───── Material provided

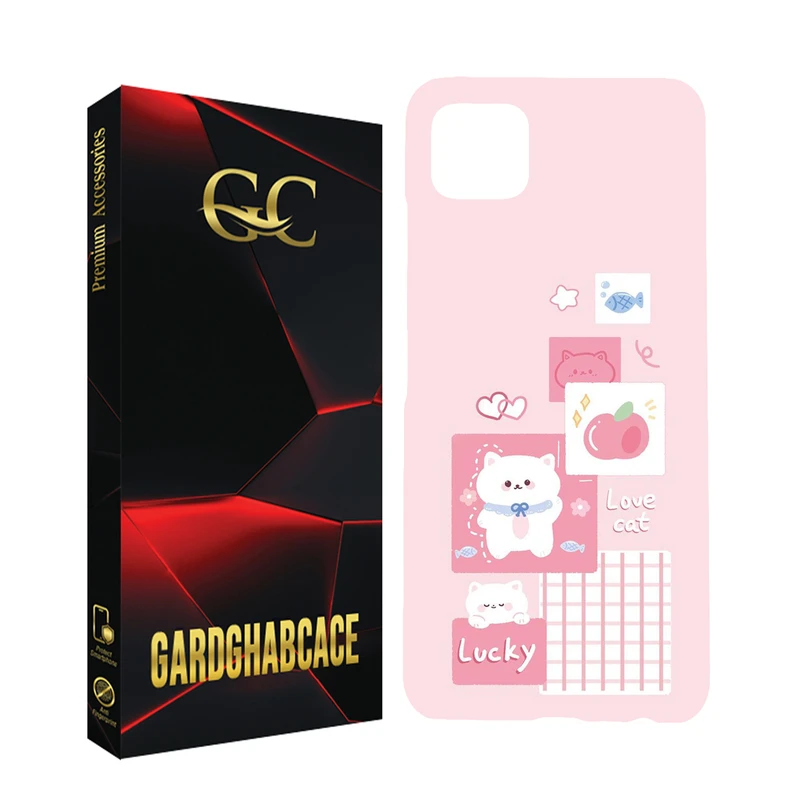 کاور گارد قاب کیس مدل دخترانه مناسب برای گوشی موبایل سامسونگ Galaxy A22 5G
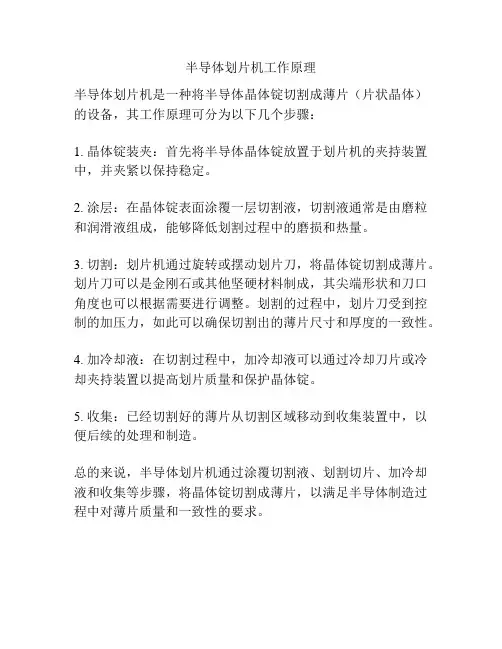半导体划片机工作原理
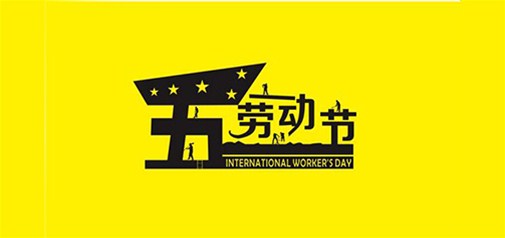 2016年5.1勞動(dòng)節放假通知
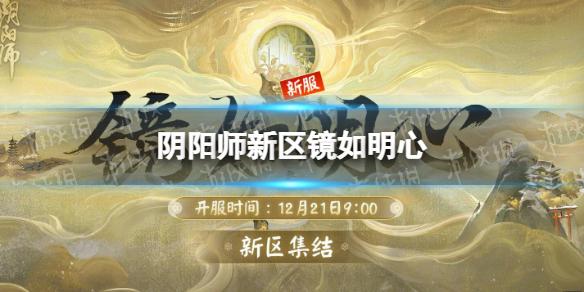 阴阳师新区镜如明心 阴阳师新区镜如明心什么时候开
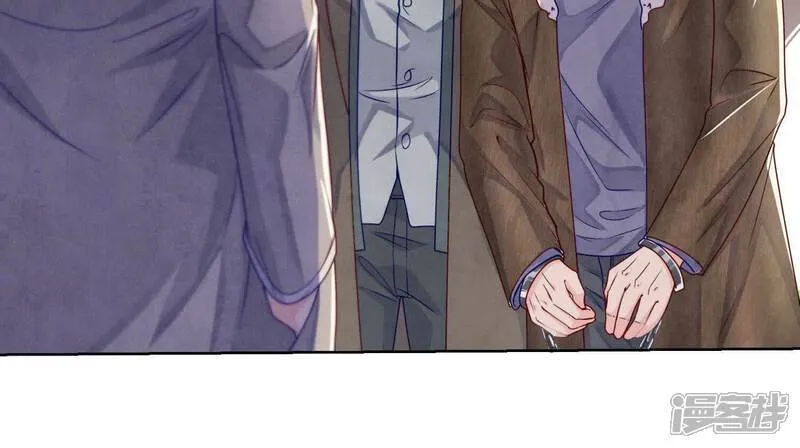 第147话 你谁？90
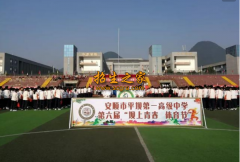 平壩縣職業(yè)高級中學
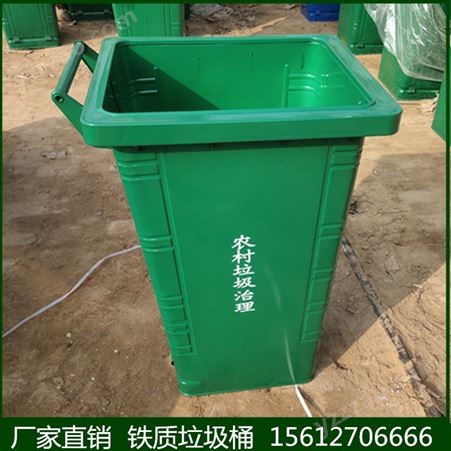 240升铁垃圾桶 分类铁皮垃圾桶 240L环卫垃圾桶 挂车垃圾桶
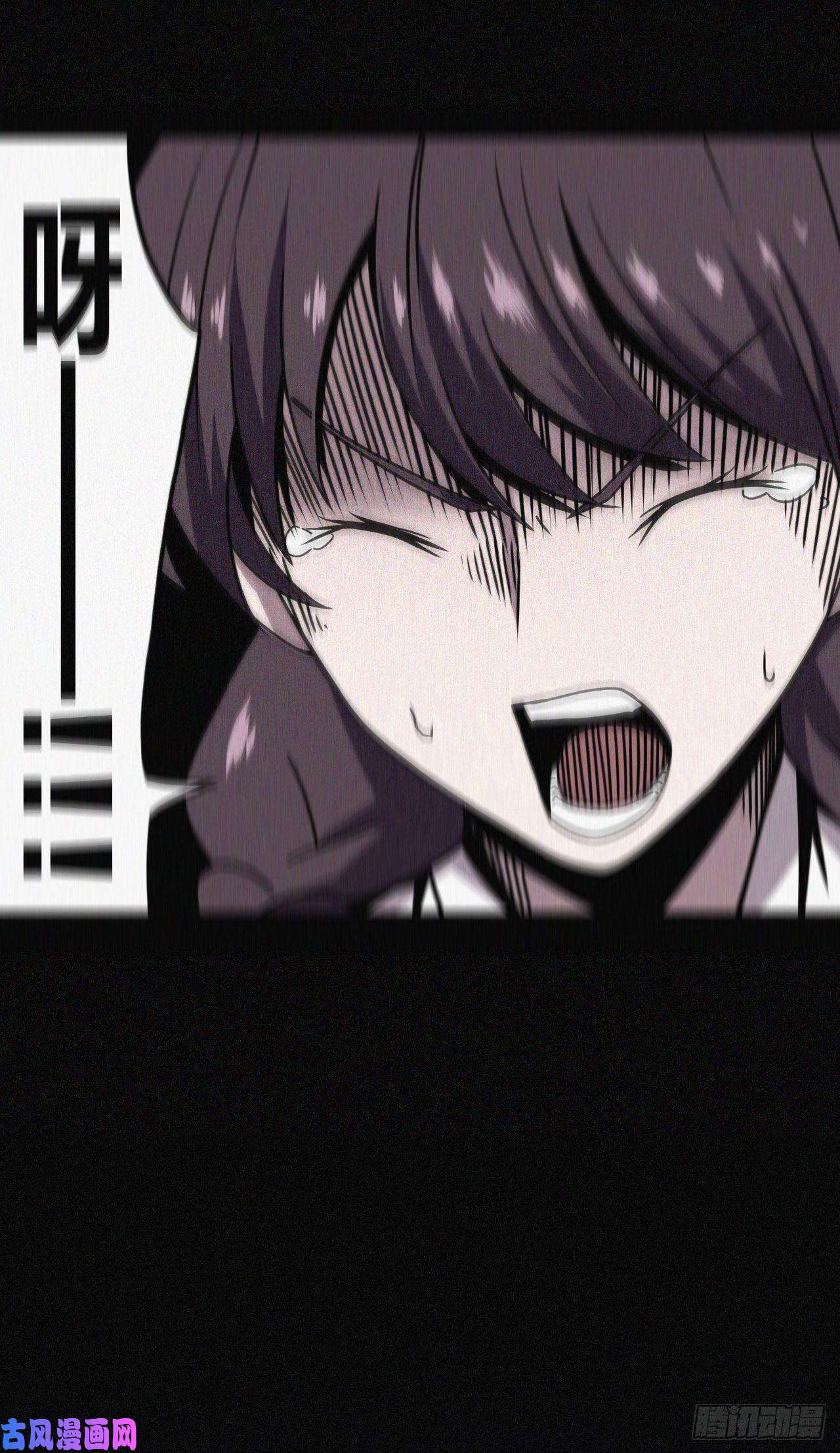 我当道士那些年001话 饿鬼迷雾1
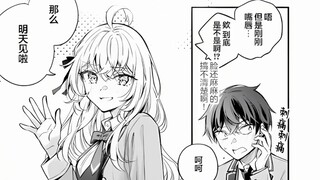 娇羞的邻座混血女神，居然当众亲吻我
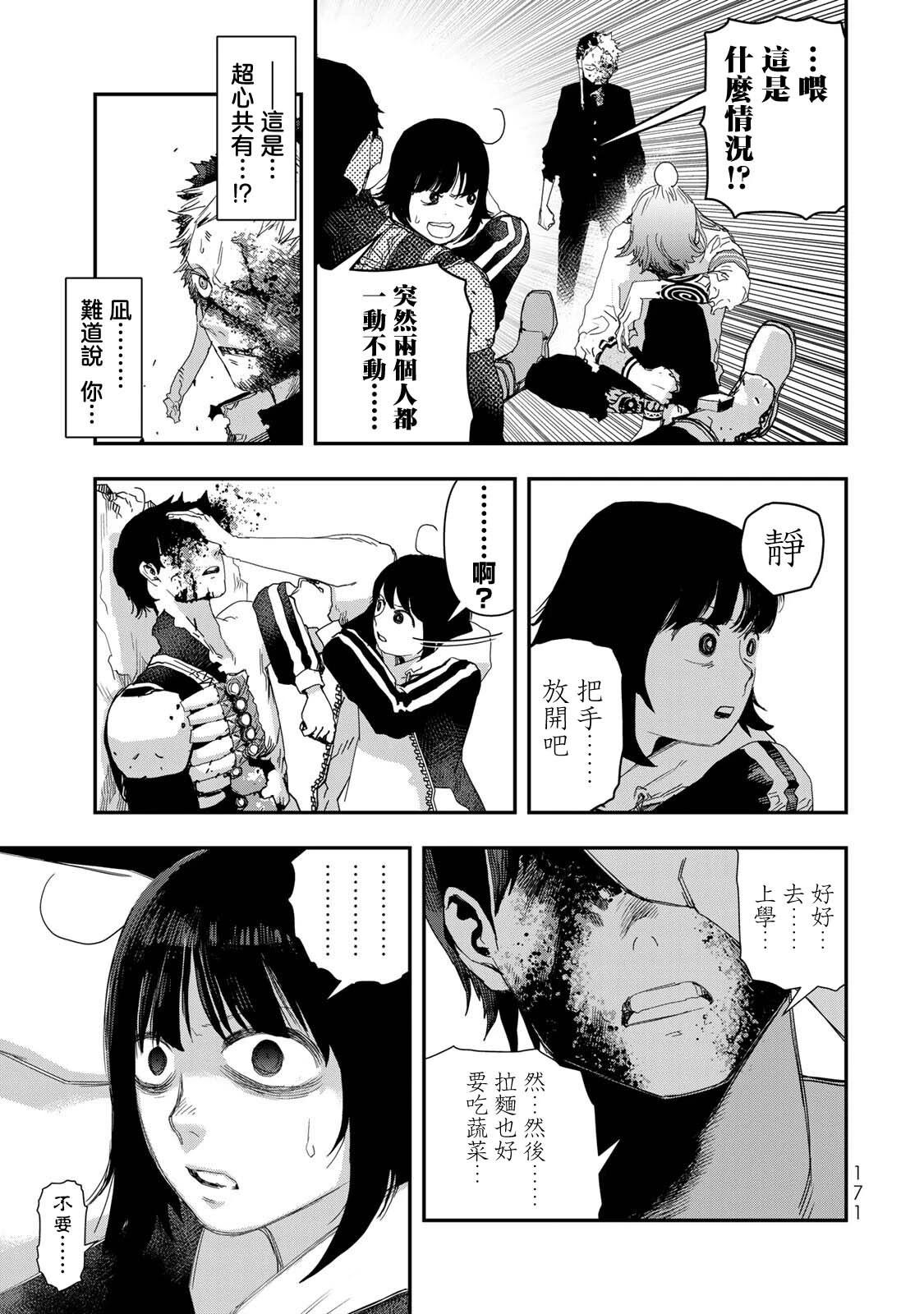 第20话8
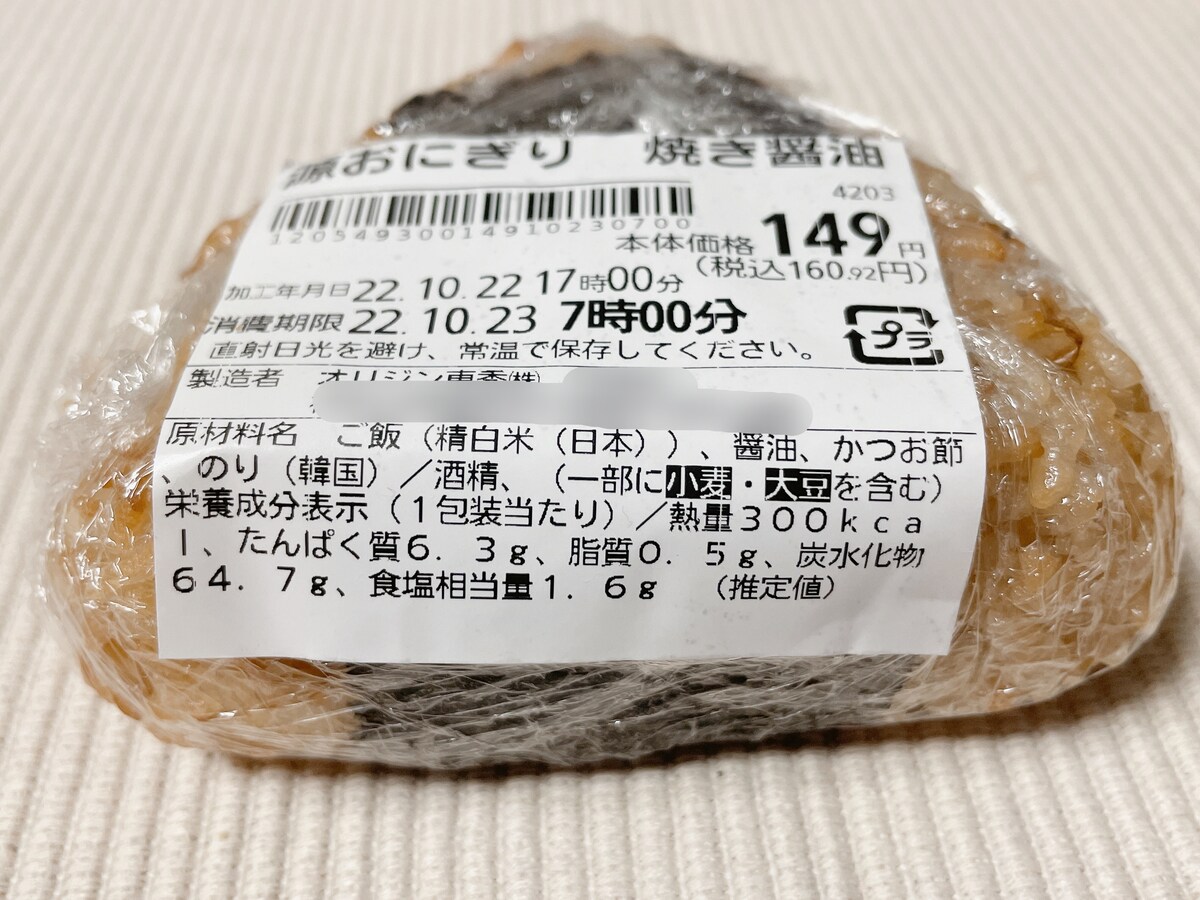 オリジン弁当の 源おにぎり は手作りで満足度大 26種類のカロリーや賞味期限は イチオシ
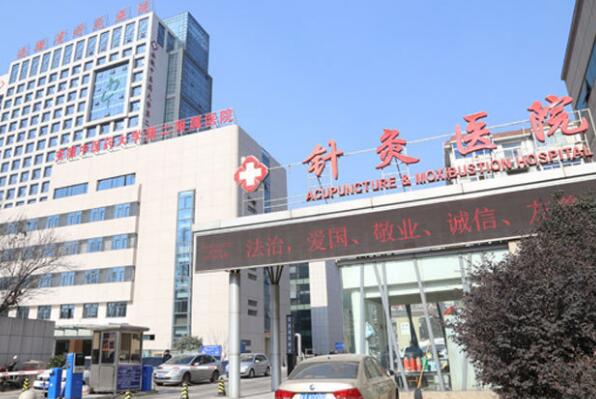 合肥十大医院排名 安徽省立医院上榜，第九是儿童专科医院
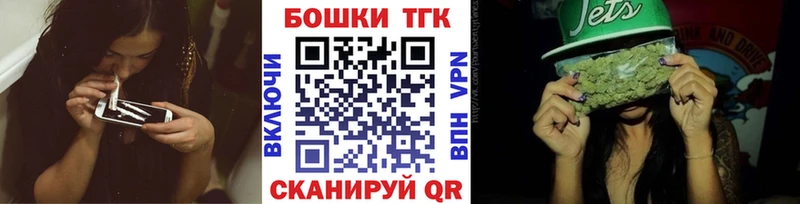 Купить где  Белореченск  МАРИХУАНА OG Kush 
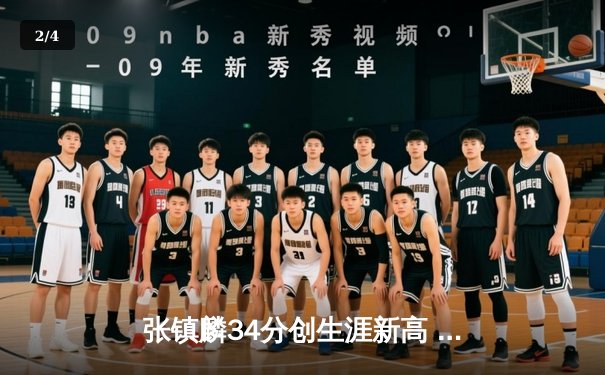 张镇麟34分创生涯新高 辽宁本钢加时险胜广东宏远取开门红 - 2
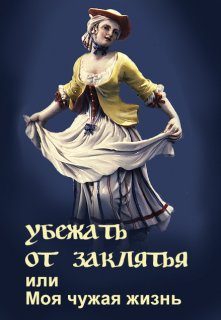 Обложка книги «Убежать от заклятья или Моя чужая жизнь»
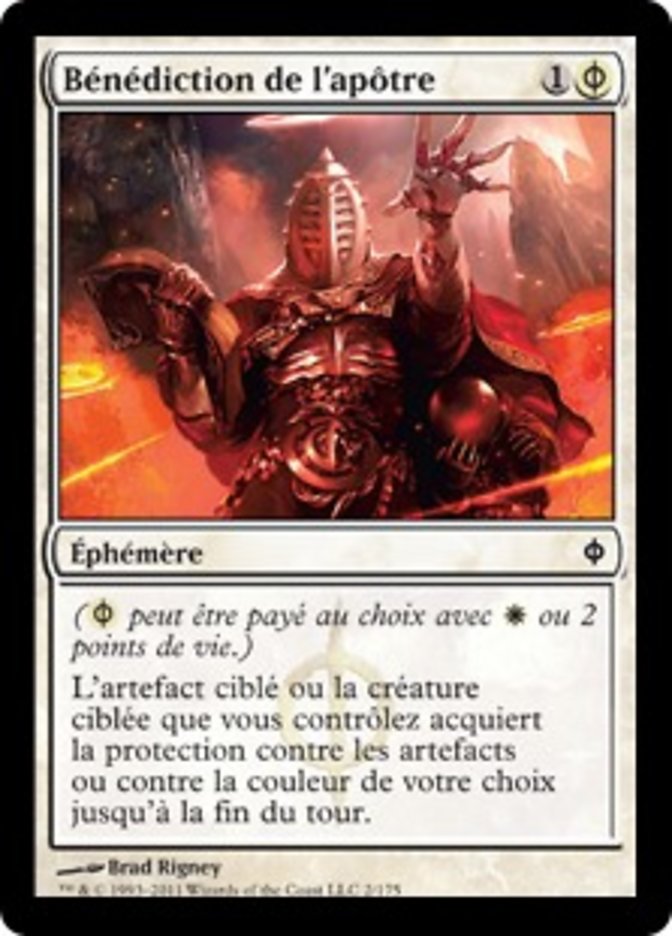 image Bénédiction de l'apôtre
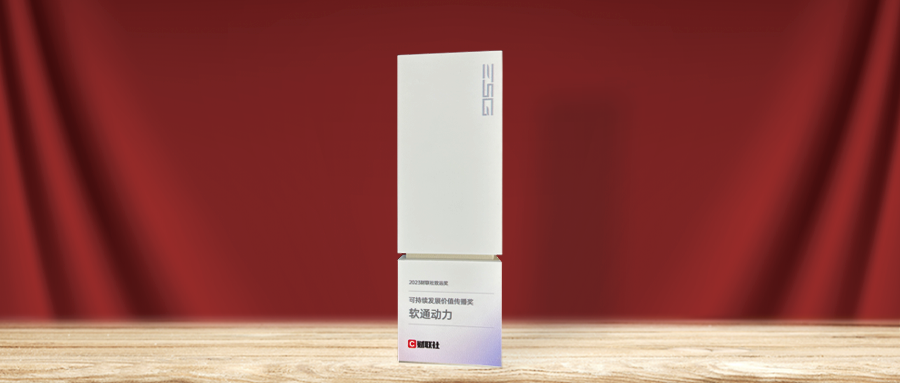 GA黄金甲(中国游)最新官方网站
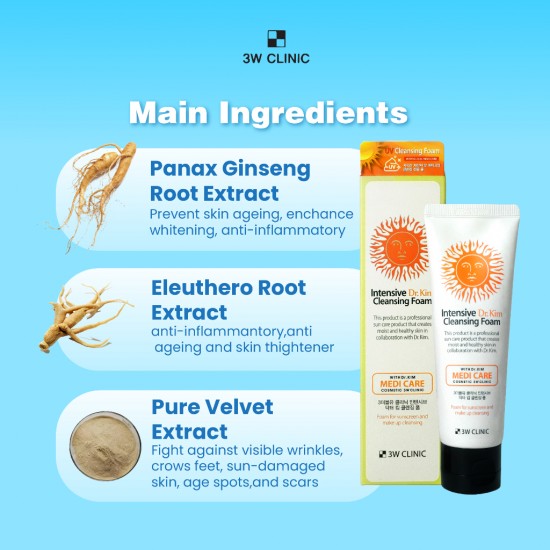 3W CLINIC Cleanser Intensive Dr. Kim Cleansing Foam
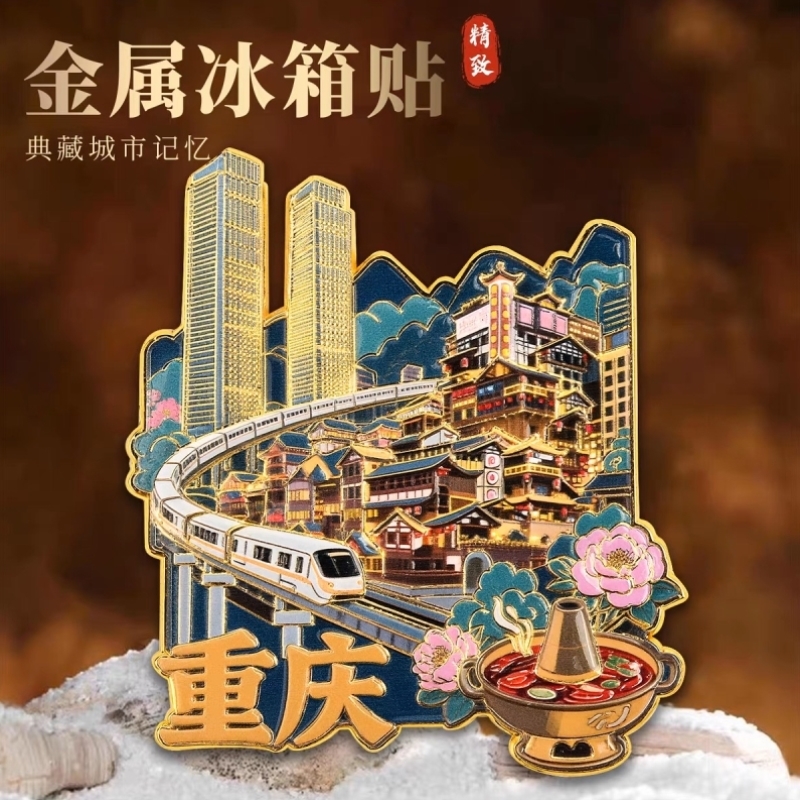 重庆金属浮雕磁吸冰箱贴中国城市文创景点旅游纪念品伴手礼装饰贴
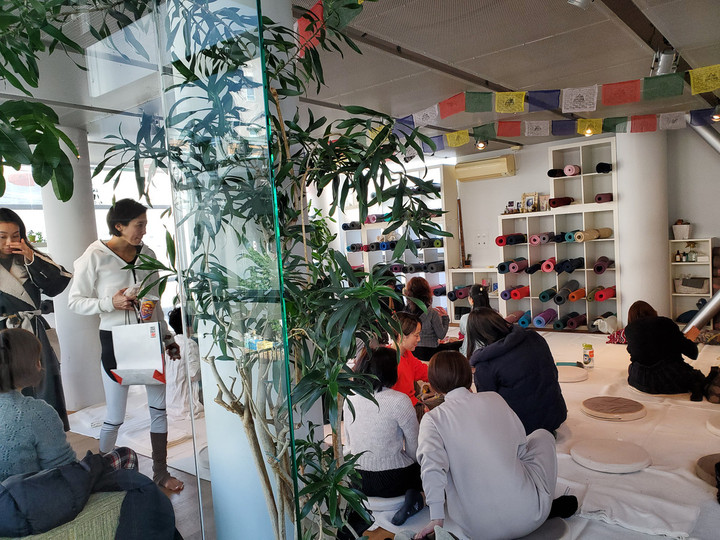 ディスカッション前に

──────────

What is needed: Write out the data precisely as given, excluding the pictures.

Response:
 کاور گارد قاب کیس مدل دخترانه مناسب برای گوشی موبایل سامسونگ Galaxy A22 5G
半导体划片机工作原理
 2016年5.1勞動(dòng)節放假通知
 阴阳师新区镜如明心 阴阳师新区镜如明心什么时候开
 第147话 你谁？90
 平壩縣職業(yè)高級中學
 240升铁垃圾桶 分类铁皮垃圾桶 240L环卫垃圾桶 挂车垃圾桶
 我当道士那些年001话 饿鬼迷雾1
 娇羞的邻座混血女神，居然当众亲吻我
 第20话8
 オリジン弁当の 源おにぎり は手作りで満足度大 26種類のカロリーや賞味期限は イチオシ
 合肥十大医院排名 安徽省立医院上榜，第九是儿童专科医院
 Купить где  Белореченск  МАРИХУАНА OG Kush 
 张镇麟34分创生涯新高 辽宁本钢加时险胜广东宏远取开门红 - 2
 Обложка книги «Убежать от заклятья или Моя чужая жизнь»
 image Bénédiction de l'apôtre
 GA黄金甲(中国游)最新官方网站
 3W CLINIC Cleanser Intensive Dr. Kim Cleansing Foam
 重庆金属浮雕磁吸冰箱贴中国城市文创景点旅游纪念品伴手礼装饰贴
 ディスカッション前に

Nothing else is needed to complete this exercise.